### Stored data
- Opening Delimiter -
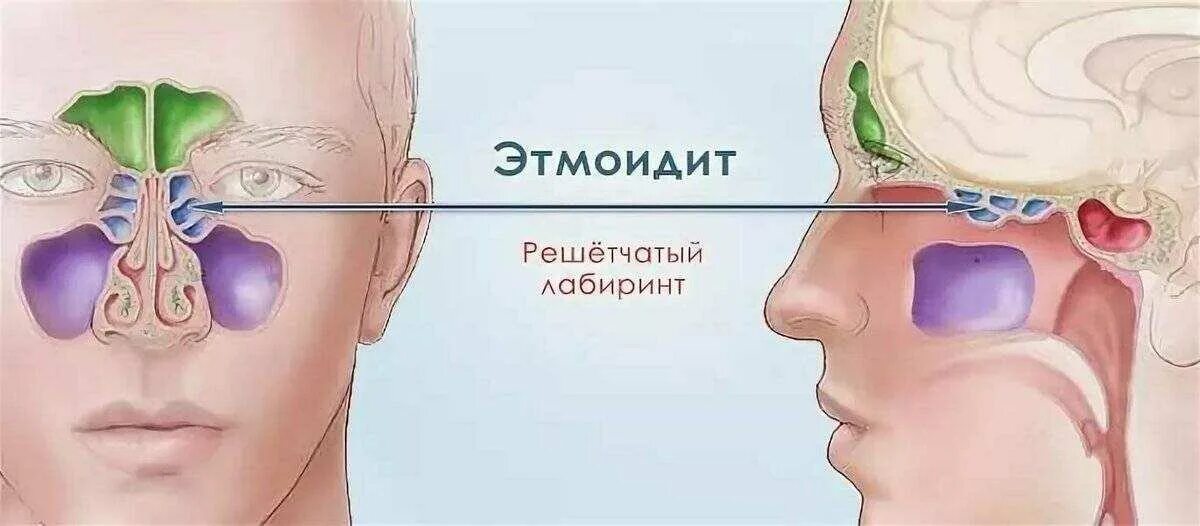 Хронический гайморит этмоидит фронтит. Хронический Гнойный этмоидит. Этмоидальный синусит симптомы. Правосторонний гнойный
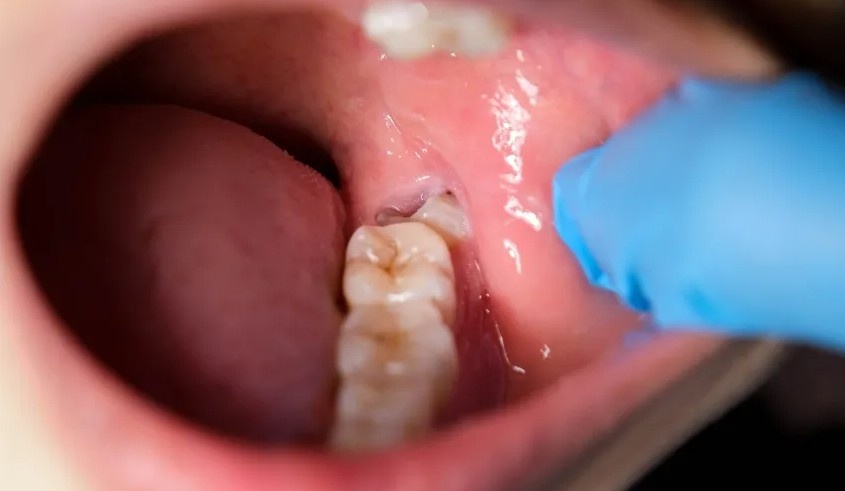 Best Dentist for Wisdom Tooth Removal in Delhi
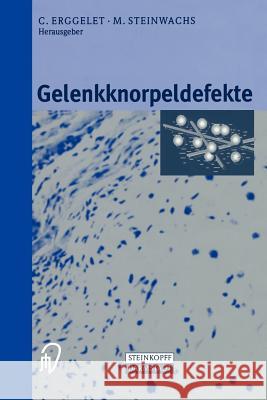 Gelenkknorpeldefekte C. Erggelet M. Steinwachs 9783798512658 Steinkopff-Verlag Darmstadt - książka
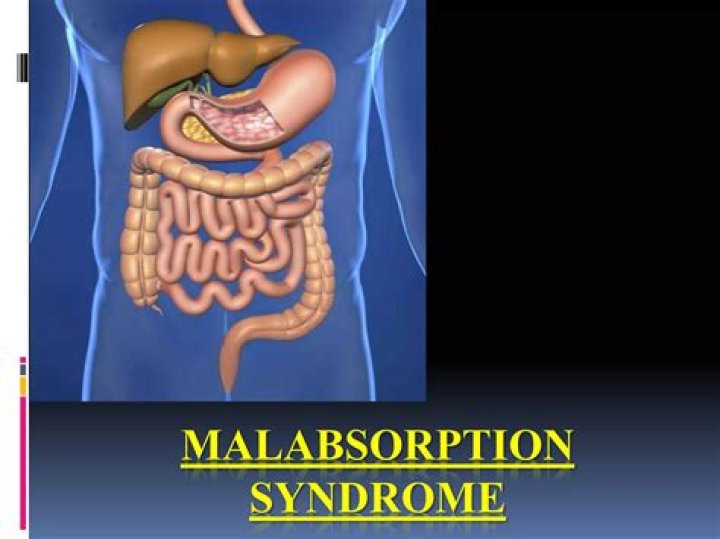 What is the classic symptom of malabsorption syndrome?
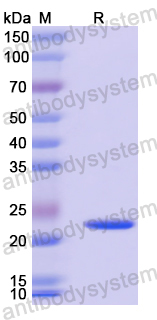 Recombinant Mouse EFNA1 Protein, N-His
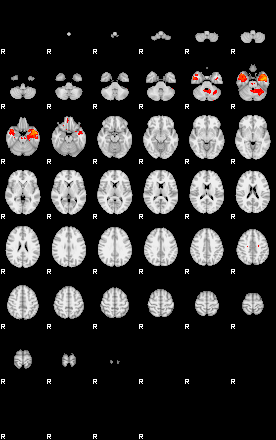 Patients 29110 29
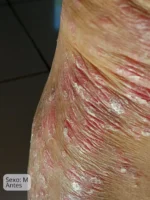 Elixir Óleo Couro Cabeludo 28mL + Organogel Hidratante Corporal 50g - Imagem 7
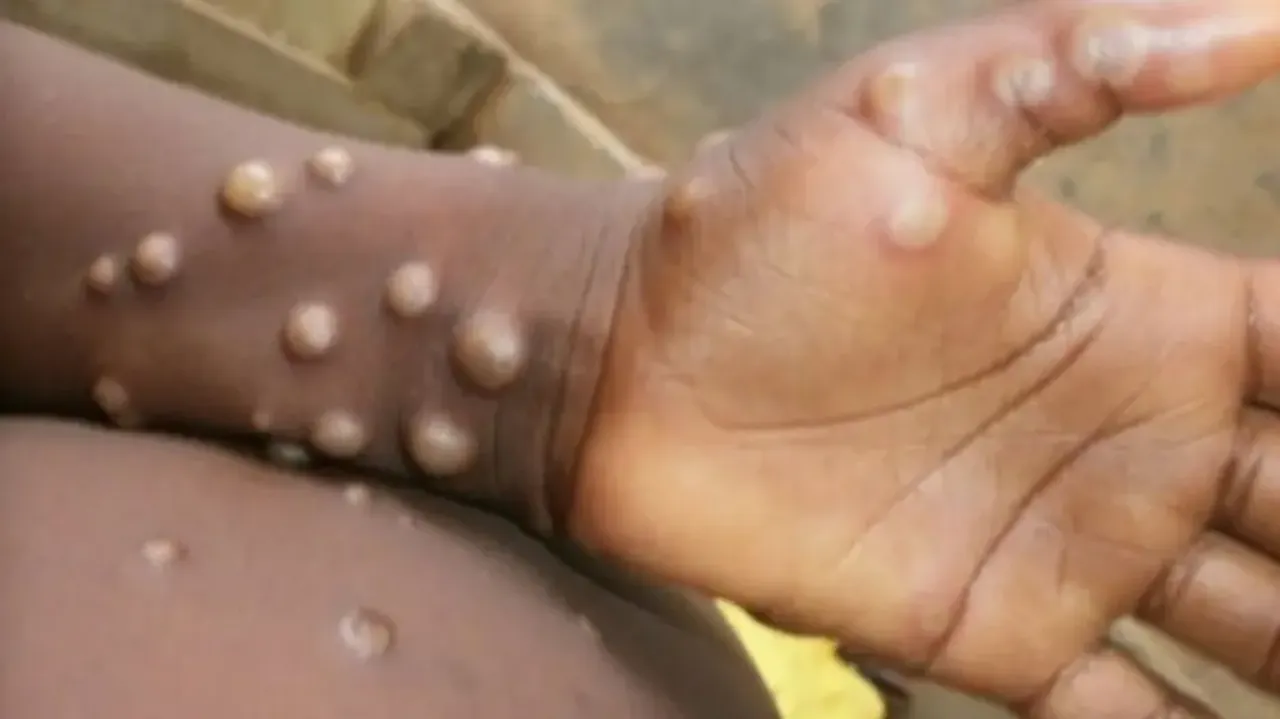 Monkeypox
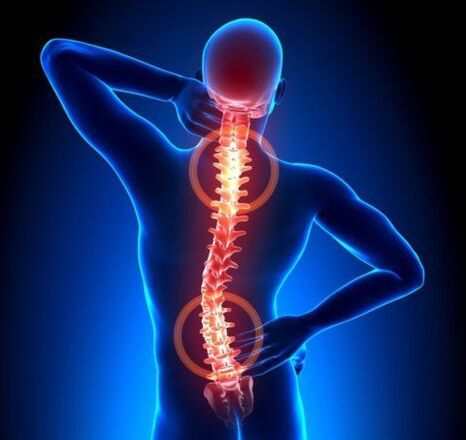 Spinal osteochondrosis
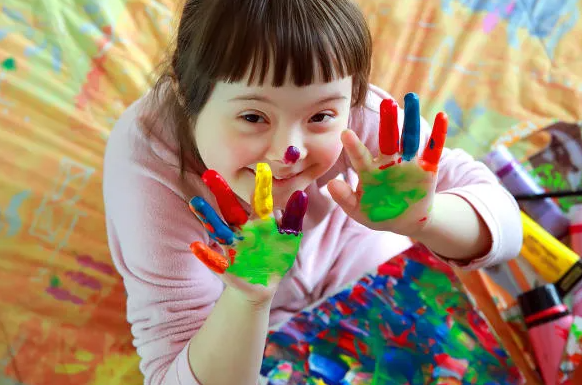 Câmara aprova atendimento ampliado pelo SUS a pessoas com síndrome de&nbsp;Down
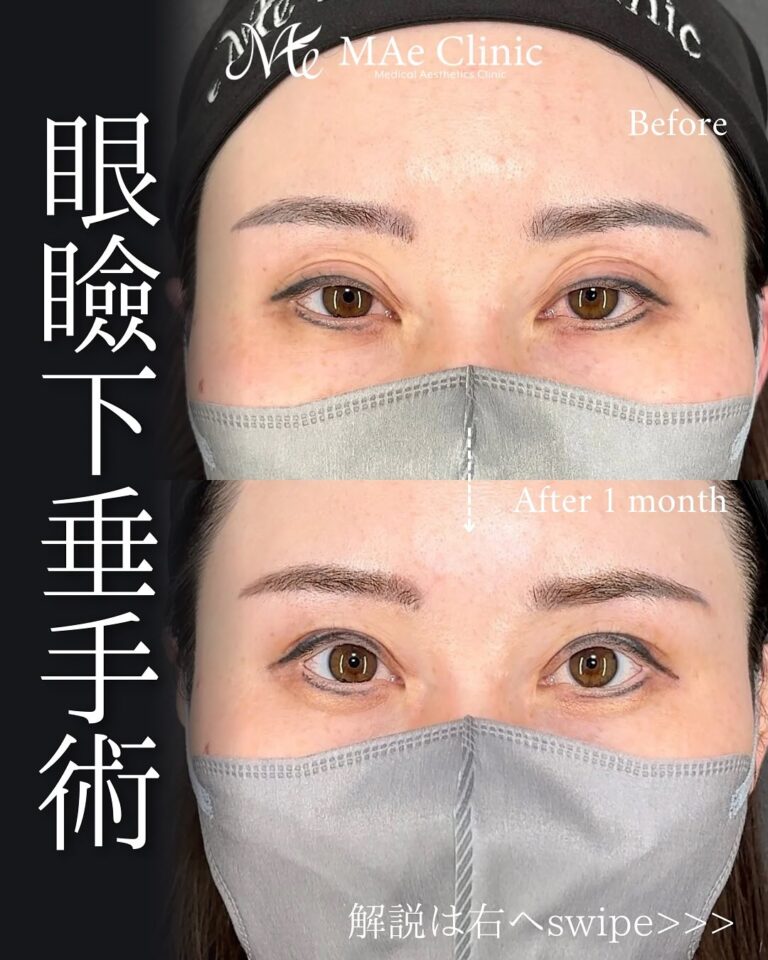 眠そうな目元を改善|眼瞼下垂手術+全切開で黒目の露出アップ | MAe Clinic【マエクリ】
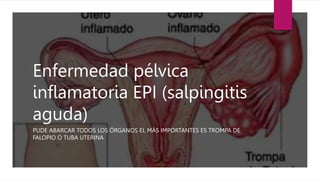 Enfermedad pélvica
inflamatoria EPI (salpingitis
aguda)
PUDE ABARCAR TODOS LOS ÓRGANOS EL MÁS IMPORTANTES ES TROMPA DE
FALOPIO O TUBA UTERINA
 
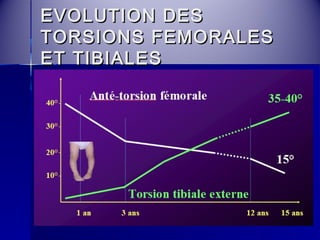 EEVVOOLLUUTTIIOONN DDEESS 
TTOORRSSIIOONNSS FFEEMMOORRAALLEESS 
EETT TTIIBBIIAALLEESS 
 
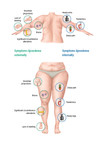 Diagram Lipoedema symptoms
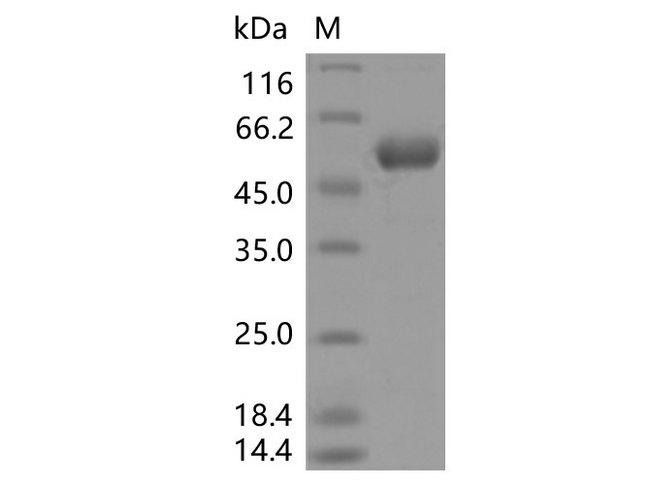 SARS-CoV-2 Spike Glycoprotein Protein - Recombinant SARS-CoV-2 Spike RBD (Y453F)(rFc Tag)
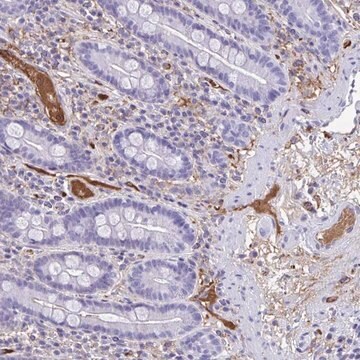 Anti-SMIM9 antibody produced in rabbit Prestige Antibodies&#174; Powered by Atlas Antibodies, affinity isolated antibody, buffered aqueous glycerol solution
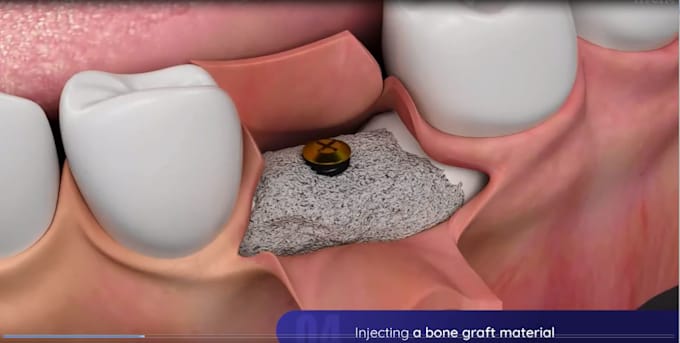 Gig Preview - Make 3d dental medical animation for skeleton, virus, anatomy and surgery video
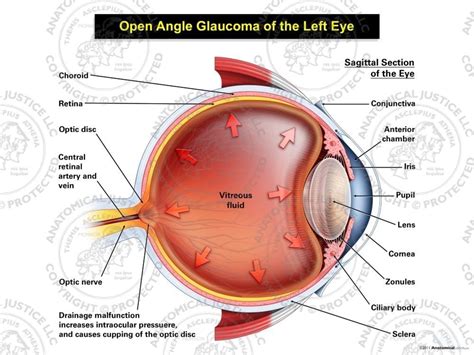 Open Angle Glaucoma Eye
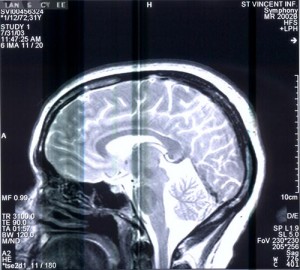 Brain Tumor Causes Stroke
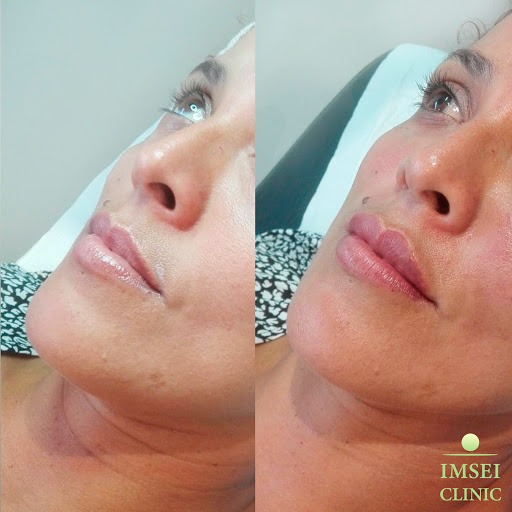 Negocio Imsei Clinic - Aesthetic And Regenerative ,Maspalomas, Playa Del Ingles ,Yumbo:Botox, Ácido Hialurónico, Peeling , Lipolaser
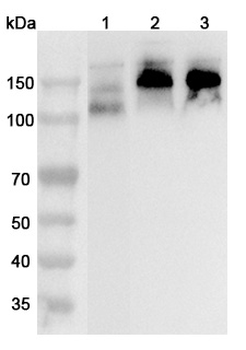 CD56/NCAM1 Rabbit Polyclonal Antibody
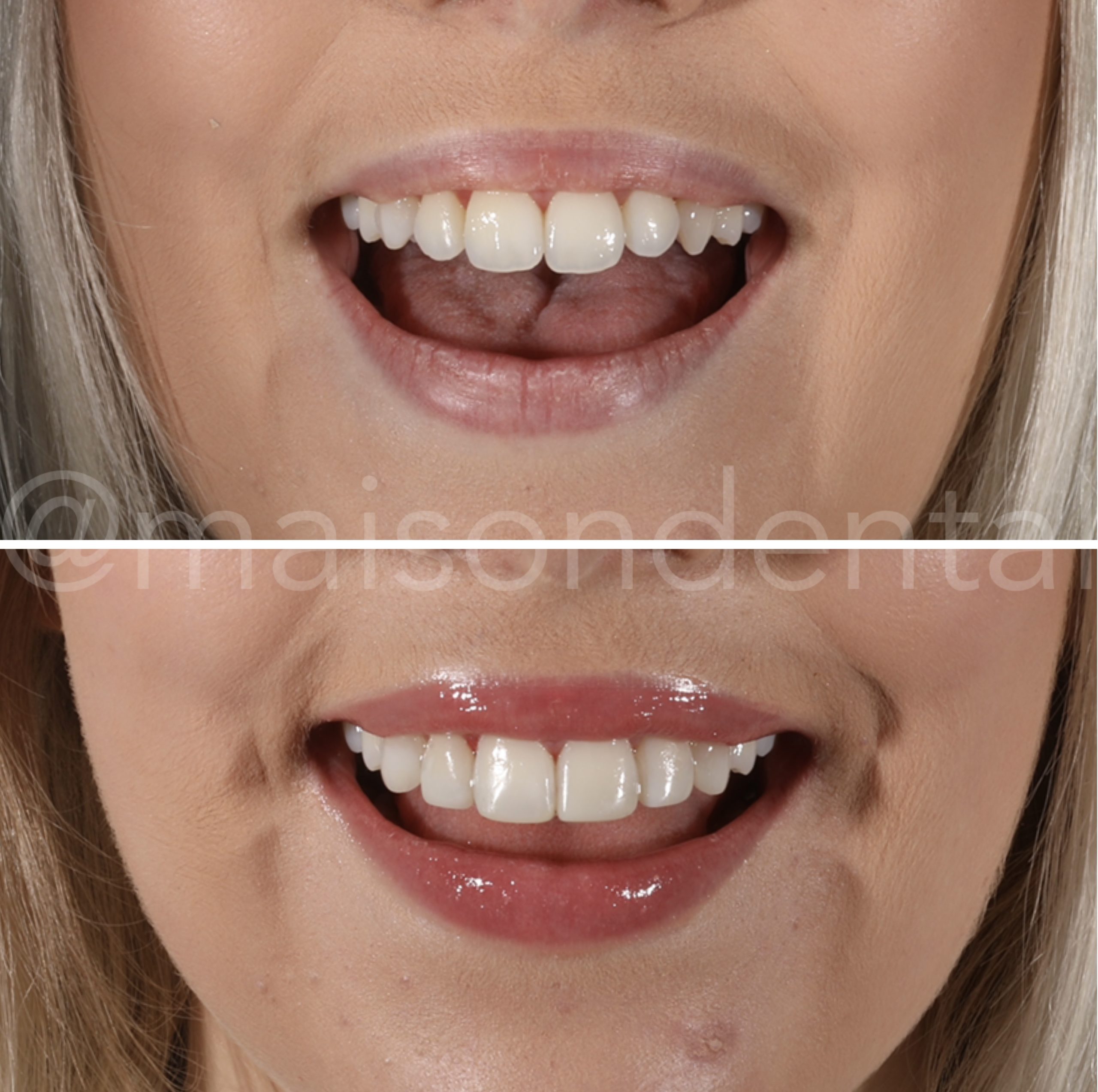 Composite Bonding to Produce a Less Rounded Appearance of the Teeth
- Closing Delimiter -
The first line of the entries, the line containing "Spinal osteochondrosis", and every line between them are to be output exactly; pictures are not.

### SOLUTION TO THE EXERCISE
 Хронический гайморит этмоидит фронтит. Хронический Гнойный этмоидит. Этмоидальный синусит симптомы. Правосторонний гнойный
 Best Dentist for Wisdom Tooth Removal in Delhi
 Gelenkknorpeldefekte C. Erggelet M. Steinwachs 9783798512658 Steinkopff-Verlag Darmstadt - książka
 What is the classic symptom of malabsorption syndrome?
 Recombinant Mouse EFNA1 Protein, N-His
 Patients 29110 29
 Elixir Óleo Couro Cabeludo 28mL + Organogel Hidratante Corporal 50g - Imagem 7
 Monkeypox
 Spinal osteochondrosis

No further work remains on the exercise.